Motif users can play portfolio manager
and earn royalties

Startup brokerage planning new online platform for advisers

Oct 3, 2013 @ 10:17 am

By Trevor Hunnicutt

motif, investing, stocks, basket, online trading
+ Zoom

Motif Investing Inc launched a program Thursday that pays people to play fund sponsor and portfolio manager, and the startup brokerage is planning to roll out an online platform for advisers later this year.

Motif, which allows users to create, share, buy and sell baskets of stocks, has been drawing buzz from advisers and a few boldface names, as well as at techie confabs like Finovate, where it won a Best of Show award last month.

The company and its users already have created more than 15,000 Motifs, as the baskets of up to 30 stocks are known, that can be traded together or re-balanced for a single $9.95 commission. (Individual stocks can be traded for $4.95, and the minimum investment is $250.)

(Plus: Check out this video with Motif's co-founder Hardeep Walia.)

Now users will be able to earn royalties — $1 — every time someone purchases their Motif, company officials said this week.

In December, the startup plans to roll out a platform that enables advisers to create Motifs, share them on the web, and manage a client portfolio made entirely of Motifs. The service currently is being tested.

Many Motifs make deeply specific bets on sectors. On Oct. 2, the most popular baskets were:

• “Biotech Breakthroughs,” which generated 56% returns over the last year and has large exposure to biotechnology health firms Amgen Inc. and Gilead Sciences Inc., among others.

• “Cleantech Everywhere,” which is long Tesla Motors Inc. and so-called green energy firms, up more than 115%.

• The self-explanatory Chinese Solar Motif (233% return).

The startup has drawn $51 million in venture capital funding from firms including The Goldman Sachs Group Inc. and the backing of heavy hitters on Wall Street such as Arthur Levitt Jr., the former Securities and Exchange Commission chairman, and Sallie Krawcheck.

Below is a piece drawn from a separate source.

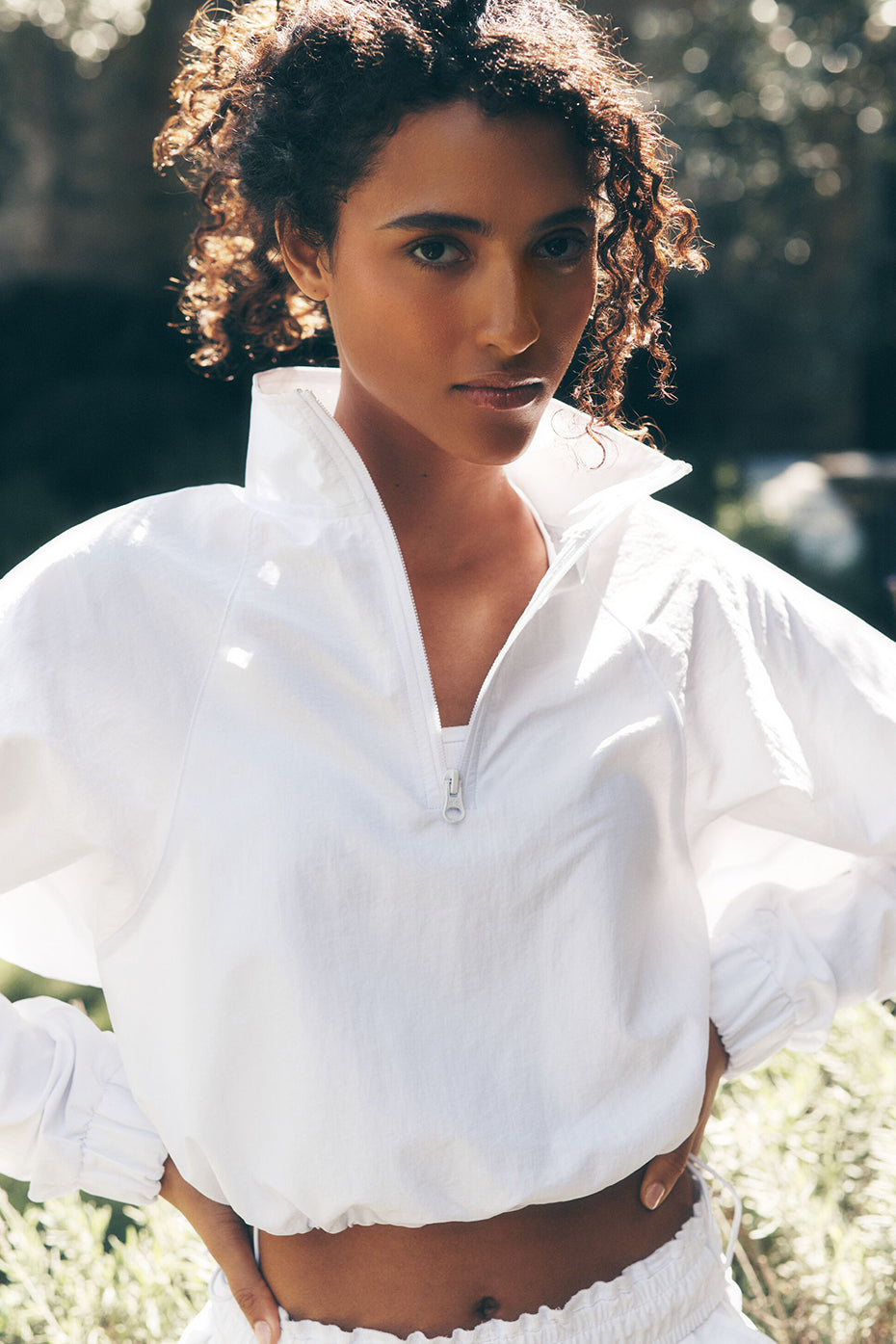 Alo Yoga Cropped 1/4 Zip Alumni Pullover - White - imagen 1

Hardeep Walia, Motif's co-founder, said Ms. Krawcheck, a former executive in Citigroup Inc.'s and Bank of America Corp.'s wealth management divisions, quelled his initial doubts about whether advisers would support the product. Ms. Krawcheck did not respond to a request for comment left with her firm.

“I play around with a lot of adviser tools, and quite frankly they're ugly, clunky and boring,” said Mr. Walia, the company's chief executive officer. “There's a lot of innovation in Silicon Valley — all of them want to replace the adviser. We want to work with the adviser.”

Motif and its senior competitor, broker-dealer FOLIOfn Investments Inc., have breathed new life into an old trend: the brokerage that uses the Internet and heavy discounts to carve away at a business used to charging higher commissions, according to Grant Easterbrook, senior research associate at consulting firm Corporate Insight.

It remains to be seen whether advisers and their clients will take to the Motif as a replacement for professionally managed and often highly diversified investments like mutual funds or plain old stocks, but the firm already counts advisers among its fans.

The firm pointed InvestmentNews to one such admirer, Ross Almlie, who works at TCI Financial Advisors LLC.

Mr. Almlie said he reached out to the firm after reading an article last year. He sees Motif as a way to better engage his clients, who lack an understanding of what's “under the hood” of an exchange-traded or mutual fund. He welcomes the possibility that thematic investing could lead to exotic or faddish investment ideas.

“I'd rather have them get excited about their investment — even in an irrational sense — than to not care about their investments at all,” Mr. Almlie said. “If they can understand the process of what an adviser goes through, they'll respect our profession more. They'll respect the fact that we make mistakes sometimes, and they'll be more forgiving.”

Mr. Almlie has incorporated Motif in a mathematics and financial literacy program he offers area middle school students, in which students compete with other schools for frozen yogurt and bragging rights.

Another adviser who has been working with Motif, Jamie Harpst, president and investment manager of Infresh Financial Network LLC, said he likes Motif enough that he expects to conduct 90% of his clients' business on the website within a year.

Some advisers will be inclined to keep their Motifs private, limited to their own clients, while others will open them up to the public to promote new business, Mr. Walia said.

“We're a platform; we're not trying to force anyone to any particular model,” he said.